> **EXERCISE OBJECTIVE**
Please return only the lines from the one holding "125 Parris Field" through the one holding "birds eye view", exactly as they appear in the records below, both ends included.
*****
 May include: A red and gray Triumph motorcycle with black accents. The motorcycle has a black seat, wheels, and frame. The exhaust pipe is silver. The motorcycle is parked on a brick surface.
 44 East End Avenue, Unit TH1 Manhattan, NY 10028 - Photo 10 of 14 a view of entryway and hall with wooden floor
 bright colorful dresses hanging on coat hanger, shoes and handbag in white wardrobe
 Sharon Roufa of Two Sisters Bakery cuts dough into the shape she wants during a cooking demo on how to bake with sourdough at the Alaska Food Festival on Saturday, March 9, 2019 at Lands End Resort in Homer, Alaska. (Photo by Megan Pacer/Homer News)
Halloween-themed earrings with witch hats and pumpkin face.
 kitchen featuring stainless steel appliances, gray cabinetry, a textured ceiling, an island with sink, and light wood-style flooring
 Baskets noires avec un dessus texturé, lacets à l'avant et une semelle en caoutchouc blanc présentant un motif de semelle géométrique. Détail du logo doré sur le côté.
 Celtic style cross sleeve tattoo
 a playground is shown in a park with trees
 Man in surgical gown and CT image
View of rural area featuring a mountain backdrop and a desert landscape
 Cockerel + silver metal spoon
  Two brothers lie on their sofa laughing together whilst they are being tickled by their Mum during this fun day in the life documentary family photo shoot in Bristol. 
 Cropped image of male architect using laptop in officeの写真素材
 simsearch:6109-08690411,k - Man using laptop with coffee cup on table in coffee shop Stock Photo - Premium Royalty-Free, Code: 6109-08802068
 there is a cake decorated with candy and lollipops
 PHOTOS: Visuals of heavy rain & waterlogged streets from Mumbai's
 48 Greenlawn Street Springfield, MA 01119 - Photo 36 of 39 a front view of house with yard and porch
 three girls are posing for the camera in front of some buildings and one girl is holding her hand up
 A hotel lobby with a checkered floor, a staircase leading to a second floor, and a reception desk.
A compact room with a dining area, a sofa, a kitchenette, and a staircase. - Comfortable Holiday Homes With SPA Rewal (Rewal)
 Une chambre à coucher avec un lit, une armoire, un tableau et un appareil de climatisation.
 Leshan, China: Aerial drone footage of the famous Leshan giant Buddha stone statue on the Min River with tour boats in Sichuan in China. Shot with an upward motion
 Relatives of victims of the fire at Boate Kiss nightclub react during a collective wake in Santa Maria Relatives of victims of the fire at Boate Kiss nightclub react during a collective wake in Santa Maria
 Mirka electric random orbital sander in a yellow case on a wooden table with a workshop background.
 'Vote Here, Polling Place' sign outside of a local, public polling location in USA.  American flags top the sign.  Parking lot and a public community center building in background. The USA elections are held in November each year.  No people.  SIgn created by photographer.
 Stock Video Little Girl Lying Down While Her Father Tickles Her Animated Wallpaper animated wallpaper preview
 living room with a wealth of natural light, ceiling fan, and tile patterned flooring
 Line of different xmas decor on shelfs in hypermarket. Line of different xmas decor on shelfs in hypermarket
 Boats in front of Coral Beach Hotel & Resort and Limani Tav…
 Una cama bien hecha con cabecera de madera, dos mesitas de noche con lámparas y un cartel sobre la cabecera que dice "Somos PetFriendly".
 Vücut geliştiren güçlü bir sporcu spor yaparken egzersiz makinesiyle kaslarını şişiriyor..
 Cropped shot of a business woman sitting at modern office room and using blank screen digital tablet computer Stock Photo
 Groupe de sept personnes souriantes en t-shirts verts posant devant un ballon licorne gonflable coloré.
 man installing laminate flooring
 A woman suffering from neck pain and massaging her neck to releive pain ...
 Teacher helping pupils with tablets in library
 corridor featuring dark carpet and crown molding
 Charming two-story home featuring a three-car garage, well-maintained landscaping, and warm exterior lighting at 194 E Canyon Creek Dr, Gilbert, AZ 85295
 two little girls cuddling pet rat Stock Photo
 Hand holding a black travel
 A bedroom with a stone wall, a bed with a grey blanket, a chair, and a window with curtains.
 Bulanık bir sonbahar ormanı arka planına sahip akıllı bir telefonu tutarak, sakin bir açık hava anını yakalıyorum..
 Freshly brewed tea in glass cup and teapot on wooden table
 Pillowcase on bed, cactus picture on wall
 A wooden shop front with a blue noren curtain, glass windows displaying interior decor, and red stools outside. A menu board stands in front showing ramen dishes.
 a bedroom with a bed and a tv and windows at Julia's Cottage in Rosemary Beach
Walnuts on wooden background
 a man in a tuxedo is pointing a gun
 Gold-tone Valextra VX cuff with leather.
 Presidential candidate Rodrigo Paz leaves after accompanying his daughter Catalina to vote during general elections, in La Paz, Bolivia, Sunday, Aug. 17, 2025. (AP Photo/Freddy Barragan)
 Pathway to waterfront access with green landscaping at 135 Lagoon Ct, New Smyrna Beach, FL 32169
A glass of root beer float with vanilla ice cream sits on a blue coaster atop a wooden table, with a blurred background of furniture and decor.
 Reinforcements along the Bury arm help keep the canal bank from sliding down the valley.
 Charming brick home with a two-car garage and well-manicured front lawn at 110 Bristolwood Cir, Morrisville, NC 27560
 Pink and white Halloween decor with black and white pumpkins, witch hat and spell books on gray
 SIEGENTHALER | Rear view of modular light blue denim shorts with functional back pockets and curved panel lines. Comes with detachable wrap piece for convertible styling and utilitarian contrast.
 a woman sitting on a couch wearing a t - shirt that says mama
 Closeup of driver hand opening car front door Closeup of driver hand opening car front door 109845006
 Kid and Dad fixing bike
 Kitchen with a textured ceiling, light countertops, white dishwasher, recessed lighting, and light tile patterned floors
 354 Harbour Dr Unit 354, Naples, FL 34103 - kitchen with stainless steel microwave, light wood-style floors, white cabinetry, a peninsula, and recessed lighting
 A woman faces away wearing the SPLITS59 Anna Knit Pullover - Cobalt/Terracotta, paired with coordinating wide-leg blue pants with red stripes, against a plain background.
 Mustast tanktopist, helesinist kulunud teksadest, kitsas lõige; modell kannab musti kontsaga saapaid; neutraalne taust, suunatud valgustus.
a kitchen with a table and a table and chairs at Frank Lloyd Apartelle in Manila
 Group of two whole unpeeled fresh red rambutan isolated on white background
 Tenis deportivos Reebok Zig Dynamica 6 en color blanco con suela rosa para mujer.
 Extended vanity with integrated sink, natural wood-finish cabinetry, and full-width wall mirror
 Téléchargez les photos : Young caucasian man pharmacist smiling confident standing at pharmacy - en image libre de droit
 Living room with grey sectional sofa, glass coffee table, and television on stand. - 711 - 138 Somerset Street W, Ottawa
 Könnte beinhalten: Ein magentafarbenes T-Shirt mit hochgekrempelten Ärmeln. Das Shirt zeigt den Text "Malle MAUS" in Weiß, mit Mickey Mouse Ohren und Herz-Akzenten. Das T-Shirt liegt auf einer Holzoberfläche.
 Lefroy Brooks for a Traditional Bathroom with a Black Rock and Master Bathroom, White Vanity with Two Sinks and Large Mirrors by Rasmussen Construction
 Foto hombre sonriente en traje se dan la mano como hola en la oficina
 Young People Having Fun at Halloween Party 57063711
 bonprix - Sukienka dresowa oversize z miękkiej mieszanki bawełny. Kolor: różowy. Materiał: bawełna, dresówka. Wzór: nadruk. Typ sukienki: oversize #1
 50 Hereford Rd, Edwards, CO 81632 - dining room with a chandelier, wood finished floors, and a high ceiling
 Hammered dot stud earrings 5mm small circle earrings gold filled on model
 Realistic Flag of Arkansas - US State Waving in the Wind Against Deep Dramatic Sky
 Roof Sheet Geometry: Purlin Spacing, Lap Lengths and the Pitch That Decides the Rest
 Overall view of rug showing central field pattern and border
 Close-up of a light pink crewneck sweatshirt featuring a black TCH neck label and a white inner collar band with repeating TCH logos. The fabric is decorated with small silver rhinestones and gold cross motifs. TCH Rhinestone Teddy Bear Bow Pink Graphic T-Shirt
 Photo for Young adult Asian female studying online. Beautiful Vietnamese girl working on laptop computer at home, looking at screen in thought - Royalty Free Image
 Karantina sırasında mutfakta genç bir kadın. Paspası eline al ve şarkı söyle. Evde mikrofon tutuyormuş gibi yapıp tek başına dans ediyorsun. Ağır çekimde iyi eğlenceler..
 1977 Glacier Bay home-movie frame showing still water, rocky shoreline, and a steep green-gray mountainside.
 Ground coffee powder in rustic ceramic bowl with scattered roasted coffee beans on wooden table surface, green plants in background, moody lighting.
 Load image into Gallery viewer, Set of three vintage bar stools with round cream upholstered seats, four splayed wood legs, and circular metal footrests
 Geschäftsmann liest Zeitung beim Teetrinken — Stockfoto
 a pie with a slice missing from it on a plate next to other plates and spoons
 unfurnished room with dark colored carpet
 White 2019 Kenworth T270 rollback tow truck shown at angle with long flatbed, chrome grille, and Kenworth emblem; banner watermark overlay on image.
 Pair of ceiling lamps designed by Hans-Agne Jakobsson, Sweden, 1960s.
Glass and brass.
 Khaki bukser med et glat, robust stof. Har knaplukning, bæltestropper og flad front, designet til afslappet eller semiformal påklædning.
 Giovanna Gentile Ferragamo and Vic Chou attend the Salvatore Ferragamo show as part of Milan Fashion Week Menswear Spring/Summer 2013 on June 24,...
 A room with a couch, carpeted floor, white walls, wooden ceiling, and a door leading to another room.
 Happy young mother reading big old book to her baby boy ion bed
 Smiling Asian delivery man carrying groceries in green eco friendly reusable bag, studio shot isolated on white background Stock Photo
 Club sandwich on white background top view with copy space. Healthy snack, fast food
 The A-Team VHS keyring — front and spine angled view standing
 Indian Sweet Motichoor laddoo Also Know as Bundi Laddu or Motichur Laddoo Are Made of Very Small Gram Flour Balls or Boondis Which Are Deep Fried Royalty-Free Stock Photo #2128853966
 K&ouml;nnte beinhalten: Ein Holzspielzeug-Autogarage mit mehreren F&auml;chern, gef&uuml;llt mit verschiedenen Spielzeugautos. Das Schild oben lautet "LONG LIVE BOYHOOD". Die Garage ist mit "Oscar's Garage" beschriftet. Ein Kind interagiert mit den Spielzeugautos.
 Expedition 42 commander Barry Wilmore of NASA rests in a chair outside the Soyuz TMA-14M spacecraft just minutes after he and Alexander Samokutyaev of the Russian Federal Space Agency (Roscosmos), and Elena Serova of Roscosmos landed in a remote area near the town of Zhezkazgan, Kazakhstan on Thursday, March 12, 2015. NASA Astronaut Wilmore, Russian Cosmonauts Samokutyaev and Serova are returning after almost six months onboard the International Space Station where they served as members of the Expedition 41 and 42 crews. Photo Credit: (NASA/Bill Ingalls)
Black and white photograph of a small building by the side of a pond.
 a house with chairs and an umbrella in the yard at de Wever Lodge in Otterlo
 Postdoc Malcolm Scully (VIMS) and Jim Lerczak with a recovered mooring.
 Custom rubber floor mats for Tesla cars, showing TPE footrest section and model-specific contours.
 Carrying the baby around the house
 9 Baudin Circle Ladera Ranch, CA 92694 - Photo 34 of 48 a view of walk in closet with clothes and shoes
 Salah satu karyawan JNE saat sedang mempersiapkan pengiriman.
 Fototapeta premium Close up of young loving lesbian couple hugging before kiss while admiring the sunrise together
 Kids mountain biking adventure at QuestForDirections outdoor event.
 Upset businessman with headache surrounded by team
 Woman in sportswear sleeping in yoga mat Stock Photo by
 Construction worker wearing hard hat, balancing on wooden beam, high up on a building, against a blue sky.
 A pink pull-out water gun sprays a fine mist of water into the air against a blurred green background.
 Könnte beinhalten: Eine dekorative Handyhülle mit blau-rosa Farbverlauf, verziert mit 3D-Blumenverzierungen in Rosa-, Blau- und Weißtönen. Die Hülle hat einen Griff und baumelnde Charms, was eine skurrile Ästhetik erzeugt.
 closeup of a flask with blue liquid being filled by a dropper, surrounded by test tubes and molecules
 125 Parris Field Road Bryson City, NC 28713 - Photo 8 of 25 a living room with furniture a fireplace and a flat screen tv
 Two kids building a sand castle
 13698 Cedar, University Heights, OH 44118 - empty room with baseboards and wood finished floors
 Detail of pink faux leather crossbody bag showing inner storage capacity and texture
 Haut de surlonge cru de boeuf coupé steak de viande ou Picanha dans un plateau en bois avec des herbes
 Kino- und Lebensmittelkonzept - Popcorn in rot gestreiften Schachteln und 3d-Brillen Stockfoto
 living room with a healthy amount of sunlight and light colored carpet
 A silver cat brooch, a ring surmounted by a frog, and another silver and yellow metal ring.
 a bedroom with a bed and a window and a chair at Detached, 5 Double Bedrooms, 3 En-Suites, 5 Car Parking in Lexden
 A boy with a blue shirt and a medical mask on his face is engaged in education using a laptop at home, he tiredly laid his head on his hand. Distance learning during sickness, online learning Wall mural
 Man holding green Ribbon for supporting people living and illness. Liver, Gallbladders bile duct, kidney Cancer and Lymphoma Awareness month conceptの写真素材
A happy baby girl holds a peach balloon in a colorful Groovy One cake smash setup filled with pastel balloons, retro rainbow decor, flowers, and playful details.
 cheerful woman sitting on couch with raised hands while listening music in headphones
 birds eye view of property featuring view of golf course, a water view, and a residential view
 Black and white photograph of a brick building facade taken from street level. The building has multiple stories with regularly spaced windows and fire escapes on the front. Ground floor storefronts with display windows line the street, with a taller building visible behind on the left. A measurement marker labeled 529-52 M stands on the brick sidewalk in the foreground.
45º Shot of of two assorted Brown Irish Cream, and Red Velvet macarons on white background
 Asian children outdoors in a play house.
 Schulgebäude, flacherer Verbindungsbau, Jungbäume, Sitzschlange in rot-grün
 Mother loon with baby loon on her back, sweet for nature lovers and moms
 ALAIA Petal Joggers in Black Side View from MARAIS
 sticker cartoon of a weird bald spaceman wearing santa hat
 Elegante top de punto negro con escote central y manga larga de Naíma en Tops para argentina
*****
> **COMPLETED TASK**
 125 Parris Field Road Bryson City, NC 28713 - Photo 8 of 25 a living room with furniture a fireplace and a flat screen tv
 Two kids building a sand castle
 13698 Cedar, University Heights, OH 44118 - empty room with baseboards and wood finished floors
 Detail of pink faux leather crossbody bag showing inner storage capacity and texture
 Haut de surlonge cru de boeuf coupé steak de viande ou Picanha dans un plateau en bois avec des herbes
 Kino- und Lebensmittelkonzept - Popcorn in rot gestreiften Schachteln und 3d-Brillen Stockfoto
 living room with a healthy amount of sunlight and light colored carpet
 A silver cat brooch, a ring surmounted by a frog, and another silver and yellow metal ring.
 a bedroom with a bed and a window and a chair at Detached, 5 Double Bedrooms, 3 En-Suites, 5 Car Parking in Lexden
 A boy with a blue shirt and a medical mask on his face is engaged in education using a laptop at home, he tiredly laid his head on his hand. Distance learning during sickness, online learning Wall mural
 Man holding green Ribbon for supporting people living and illness. Liver, Gallbladders bile duct, kidney Cancer and Lymphoma Awareness month conceptの写真素材
A happy baby girl holds a peach balloon in a colorful Groovy One cake smash setup filled with pastel balloons, retro rainbow decor, flowers, and playful details.
 cheerful woman sitting on couch with raised hands while listening music in headphones
 birds eye view of property featuring view of golf course, a water view, and a residential view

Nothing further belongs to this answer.